> _WHAT YOU SHOULD DO_:
Your answer should be exactly the lines from the one that contains "this 1270×952 image." through the final line of the entries below, and nothing else.

> _RECORDS PROVIDED_:
============

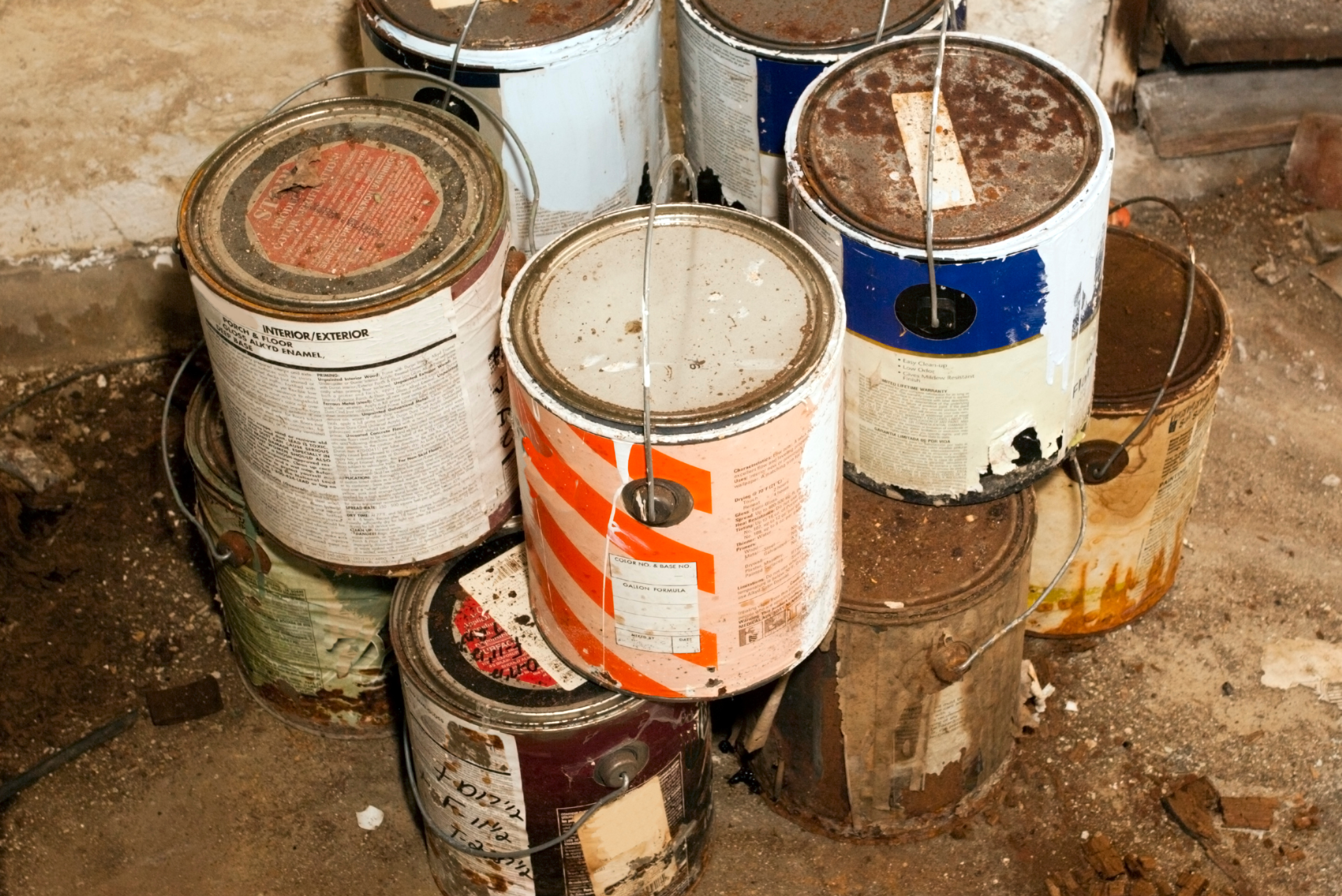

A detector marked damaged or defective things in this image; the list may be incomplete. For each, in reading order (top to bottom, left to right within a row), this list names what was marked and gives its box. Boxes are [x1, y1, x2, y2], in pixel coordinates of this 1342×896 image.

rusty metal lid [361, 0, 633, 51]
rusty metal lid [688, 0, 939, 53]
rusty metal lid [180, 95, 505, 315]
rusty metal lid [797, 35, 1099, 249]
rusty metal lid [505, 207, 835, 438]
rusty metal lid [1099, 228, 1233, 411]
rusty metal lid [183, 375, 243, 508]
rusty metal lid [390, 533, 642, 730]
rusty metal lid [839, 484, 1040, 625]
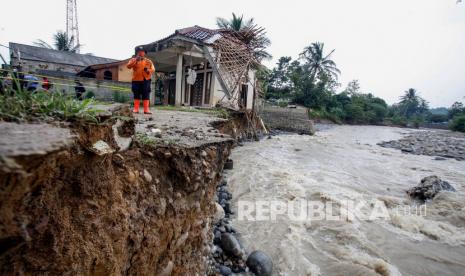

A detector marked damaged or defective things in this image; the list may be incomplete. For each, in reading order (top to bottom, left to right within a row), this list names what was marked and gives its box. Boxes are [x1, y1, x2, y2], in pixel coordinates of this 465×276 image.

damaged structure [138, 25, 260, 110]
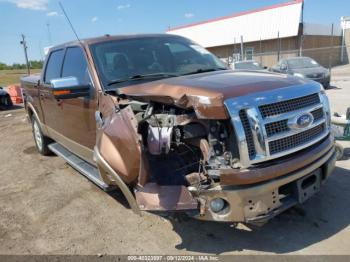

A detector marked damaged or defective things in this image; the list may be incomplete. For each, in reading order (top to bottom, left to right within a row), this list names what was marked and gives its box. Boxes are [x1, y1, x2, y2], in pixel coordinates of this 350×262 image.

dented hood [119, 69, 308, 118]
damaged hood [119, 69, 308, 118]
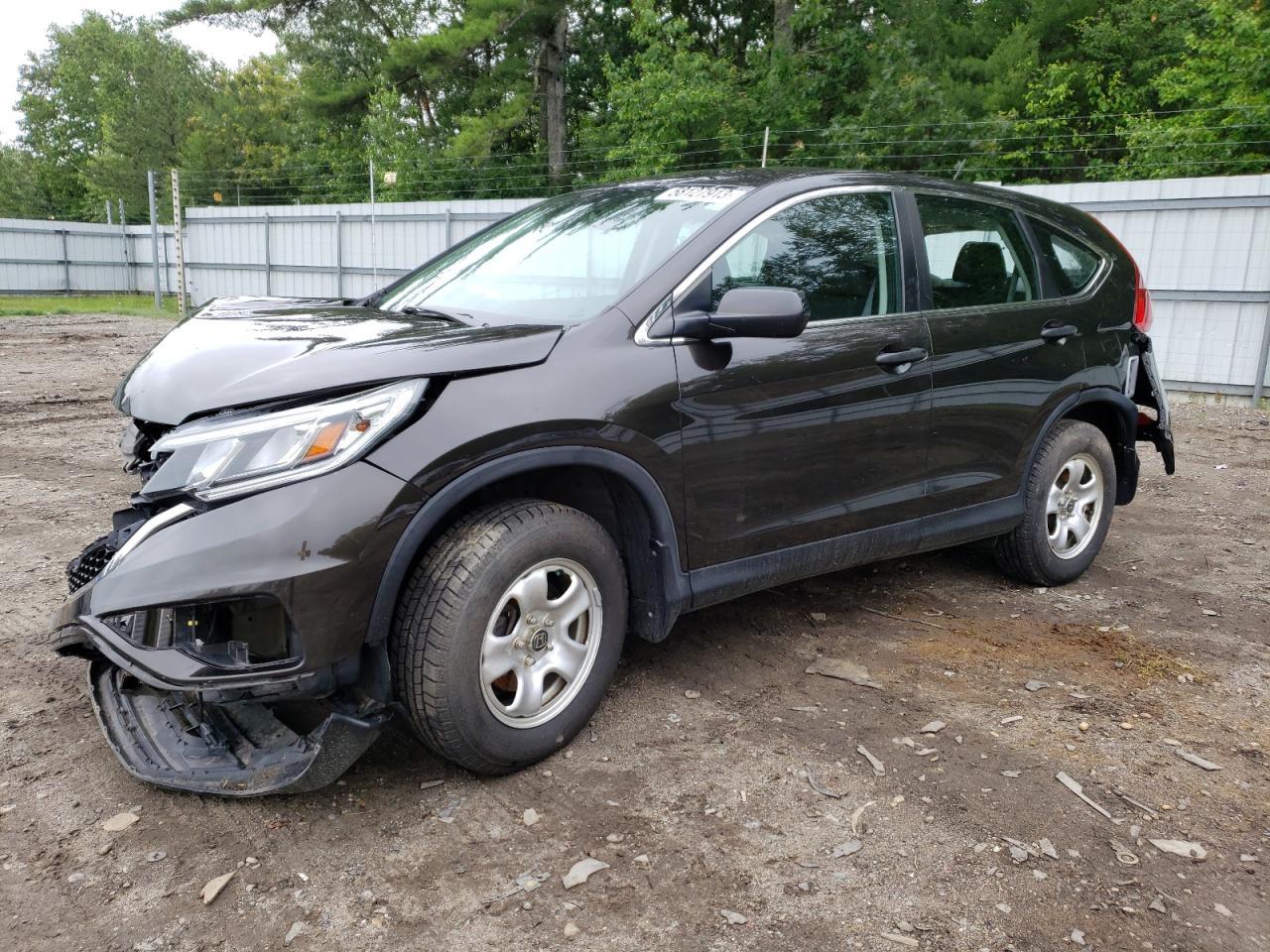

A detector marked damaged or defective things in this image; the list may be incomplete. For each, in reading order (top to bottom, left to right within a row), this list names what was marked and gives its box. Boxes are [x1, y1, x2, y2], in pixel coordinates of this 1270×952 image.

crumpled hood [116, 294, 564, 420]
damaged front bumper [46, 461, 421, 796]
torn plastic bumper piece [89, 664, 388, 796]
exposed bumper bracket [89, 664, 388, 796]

============

> _REPLY TO THE EXERCISE_:
A detector marked damaged or defective things in this image; the list may be incomplete. For each, in reading order (top to bottom, left to right within a row), this list names what was marked and gives its box. Boxes are [x1, y1, x2, y2], in pixel coordinates of this 1270×952 image.

crumpled hood [116, 294, 564, 420]
damaged front bumper [46, 461, 421, 796]
torn plastic bumper piece [89, 664, 388, 796]
exposed bumper bracket [89, 664, 388, 796]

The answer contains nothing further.